I think "Workstation" has nothing to do with "Network Location Awareness". They are not dependant. You have to create more rules to allow than to block to fully setup svchost.exe. And you must be very careful with svchost.exe because many things are related to it.

svchost->dnscache is activated by default in Windows Firewall. It's name is "Core Networking DNS (UDP-Out)" and it allows port 53 UDP for dnscache.

 

Can this (btw quotes) be avoided?

 

No, it can't. The rules for the same program have to use different names because the modifying of a rule is made by its name. Otherwise, when you modify a rule, these modifications are made for all rules with the same name. If you have 3 rules named "Internet Explorer" and you choose to edit one of them, when you press Apply, the modifications will be made for all of them. That is why they must have different names. Those random strings are for this purpose. I know they are not looking fine, I don't like them either, but they are necessary.

 

IMPORTANT

How are the notifications created and why they are sometimes so slow or missing ?

"Learning Mode" uses the Security Event log. It checks at every 0.3 seconds the last entry from this log. If the event recorded has the ID the number 5157, it means it found a blocked connection, and continues to analyze the message. It reads the content of the message recorded in the log file, it analyzes the message and extract the info needed to show in notification. If the direction is "Outbound" and the message is not older than three seconds, it displays the notification to the user.

All the things above are made 3 times a second. When you start your web browser and it attempts to make a connection, Windows Firewall writes a new entry in the security event log, with info about your web browser connection. Here takes place WFC to show you the notification. Usually, the last entry is generated by the last program you use to connect to the internet.

Things should be easy, but sometimes svchost.exe receives 30-40 inbound connections attempts in one second, also with the number ID 5157, but with direction "Inbound". These connections are also appended to the security event log, so if you start your web browser and then you receive 20 attempts of inbound connections to svchost.exe, the last entry would be for svchost.exe instead of your browser. WFC reads for 3 times in a second the last entry, but the last entry is from svchost.exe inbound connection.

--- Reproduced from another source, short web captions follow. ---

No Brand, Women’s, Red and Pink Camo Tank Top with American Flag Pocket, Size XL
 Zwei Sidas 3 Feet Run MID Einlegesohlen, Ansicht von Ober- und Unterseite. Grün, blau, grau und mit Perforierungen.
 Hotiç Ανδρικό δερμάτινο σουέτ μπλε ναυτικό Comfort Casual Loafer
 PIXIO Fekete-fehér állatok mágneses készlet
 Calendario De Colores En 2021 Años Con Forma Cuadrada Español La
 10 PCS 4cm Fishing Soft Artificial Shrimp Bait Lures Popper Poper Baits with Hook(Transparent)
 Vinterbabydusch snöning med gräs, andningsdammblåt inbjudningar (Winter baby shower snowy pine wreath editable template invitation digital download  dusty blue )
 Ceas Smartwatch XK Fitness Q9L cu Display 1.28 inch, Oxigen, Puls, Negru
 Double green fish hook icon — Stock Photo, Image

The result is that you are not notified about your browser. In this case you must press on the refresh button to make the web browser to attempt a new connection, so it can be catched by WFC properly.

When svchost.exe stays quiet, the notifications are showed very prompt. When it starts with a blast of inbound connections it affects the performance of Learning Mode. Unfortunately there is no way to make the system not to log the inbound blocked connections, and this polutes the security event log with thousands garbage entries. And all these are readed by WFC in dozens of steps, for every entry.

I hope this helps you to make you an idea.

 

No antivirus, no antispyware. I do have Malware Defender and AppGuard. I disable both before installing or else I wouldn't even be able to execute the downloaded file.

The Unblock button is built in Windows and IE security for downloaded files from other sources.